EU Council has criticised Hungarian Prime Minister Viktor Orban for adopting a law, purportedly intended to protect minors from abuse, that bans the “promotion of homosexuality” to under-18s. The law also says that only government-approved instructors are allowed to teach sex education in schools.
Before the European Council’s meeting last month, 17 EU leaders signed a letter deploring “threats against fundamental rights and in particular the principle of non-discrimination on grounds of sexual orientation”.
However, Lithuanian president Gitanas Nausėda refused to sign the letter and asked to withhold judgement for Hungary.
While the Hungarian law is under fire, human rights activists point out that Lithuania adopted a similar act over a decade ago.
The law against promotion of homosexuality
The law adopted in Hungary bans the “promotion of homosexuality” aimed at under-18s. However, the Hungarian president has yet to sign the law.
According to the act, only government-approved instructors are allowed to teach sex education in schools. The law is said to be directed at “organisations representing individuals of particular sexual orientations”.
The law also bans LGBTQ+ themes in films and TV series aimed at under-18s, The Guardian reports.
Hungary’s act has been compared to the Russian law “against gay propaganda”, adopted in 2013. The act incited further discrimination and acts of violence against LGBTQ+ people in Russia, according to independent observers.
Critics of the Hungarian law also point out that its final draft contains amendments that conflate paedophilia with homosexuality.
The Lithuanian equivalent
Parliament Speaker Viktorija Čmilytė-Nielsen stated that the Hungarian law posed a threat to human rights.
“Prohibiting information on issues relevant to sexual minorities is equal to pushing this topic to the sidelines. This should worry anyone who respects the values of the EU, human rights, tolerance, the principle of non-discrimination,” said Čmilytė-Nielsen.
By adopting this law, Orban continues to take democratic rights and freedoms away from Hungary, states the Lithuanian Human Rights Centre.
In 2009, Lithuania passed a similar act restricting LGBTQ+ themes, the Law on the Protection of Minors from Negative Public Information. One of the articles says that minors should not be exposed to information that “degrade family values” and promote conceptions of marriage and family “other than those established in the constitution”.
The law has been used to block ads for LGBTQ+ pride events from being aired on TV before 23:00, including advertisements for Baltic Pride, or a promotional video for a social campaign titled KEISK (Change). Moreover, ads with LGBTQ+ references had to be labeled as adult content.
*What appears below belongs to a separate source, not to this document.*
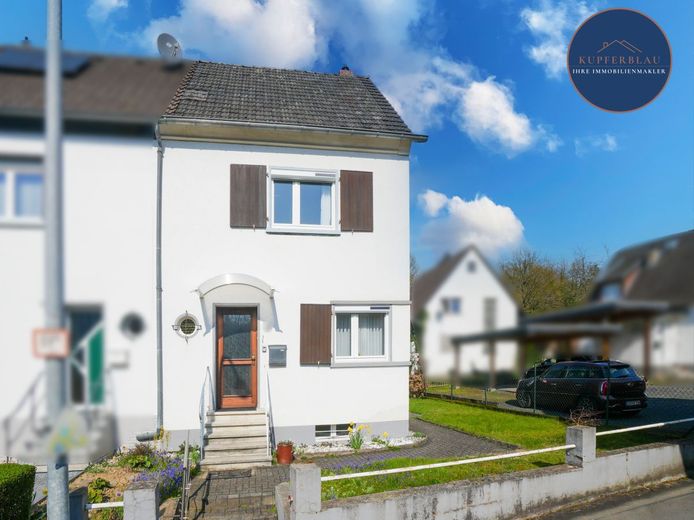 Stilvolle Doppelhaushälfte mit Gartenidylle in Bad Honnef-Selhof – Außenansicht_Vorderseite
In 2014, the Inspector of Journalist Ethics concluded that a Lithuanian fairy tale book Amber Heart (Gintarinė Širdis) by Neringa Dangvydė was harmful to minors, because it contained a story about a romantic relationship between two princes.
The Lithuanian University of Educational Sciences that had published the book removed it from bookstores and proclaimed it to be “harmful, primitive and purposeful propaganda of homosexuality”.
An outdated article
Although the Lithuanian law does not mention homosexuality, initially it was worded similarly to the Hungarian act, says Jūratė Juškaitė, the head of communications at the Lithuanian Centre for Human Rights. The article said minors were harmed by public information that promoted “homosexual, bisexual and polygamous relations”.
After outcry from international institutions and domestic rights groups, the article was changed to refer to LGBTQ+ content indirectly.
“We need to keep in mind that the aim of the article was to limit positive information about LGBT people,” says Tomas Vytautas Raskevičius, a former rights activist and now the chairman of the Human Rights Committee in the parliament.
The Lithuanian Constitution explicitly states that marriage is only allowed between a man and a woman. However, the Constitutional Court has ruled that marriage and family are not the same, and the legal definition of family includes single parents, grandparents, and same-sex couples. This leaves the Protection of Minors law purposeless, says Juškaitė.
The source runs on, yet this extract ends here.